# Exercise
Start at the line containing "Goldene Roboterhand, die" and transcribe every line exactly through the end of the records below, and only those lines.

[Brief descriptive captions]
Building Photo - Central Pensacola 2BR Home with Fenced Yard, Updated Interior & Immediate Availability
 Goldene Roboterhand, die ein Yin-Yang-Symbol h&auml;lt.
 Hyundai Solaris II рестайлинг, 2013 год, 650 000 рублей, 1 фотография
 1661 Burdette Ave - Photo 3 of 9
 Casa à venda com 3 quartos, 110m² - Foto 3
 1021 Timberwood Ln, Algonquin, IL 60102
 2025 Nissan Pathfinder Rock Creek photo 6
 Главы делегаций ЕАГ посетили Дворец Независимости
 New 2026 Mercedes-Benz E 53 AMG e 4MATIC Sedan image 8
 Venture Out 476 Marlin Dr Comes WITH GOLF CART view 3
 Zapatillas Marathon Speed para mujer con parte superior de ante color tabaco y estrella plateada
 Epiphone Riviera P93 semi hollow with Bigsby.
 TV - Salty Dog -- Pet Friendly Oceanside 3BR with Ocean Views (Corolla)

# Answer area
 Goldene Roboterhand, die ein Yin-Yang-Symbol h&auml;lt.
 Hyundai Solaris II рестайлинг, 2013 год, 650 000 рублей, 1 фотография
 1661 Burdette Ave - Photo 3 of 9
 Casa à venda com 3 quartos, 110m² - Foto 3
 1021 Timberwood Ln, Algonquin, IL 60102
 2025 Nissan Pathfinder Rock Creek photo 6
 Главы делегаций ЕАГ посетили Дворец Независимости
 New 2026 Mercedes-Benz E 53 AMG e 4MATIC Sedan image 8
 Venture Out 476 Marlin Dr Comes WITH GOLF CART view 3
 Zapatillas Marathon Speed para mujer con parte superior de ante color tabaco y estrella plateada
 Epiphone Riviera P93 semi hollow with Bigsby.
 TV - Salty Dog -- Pet Friendly Oceanside 3BR with Ocean Views (Corolla)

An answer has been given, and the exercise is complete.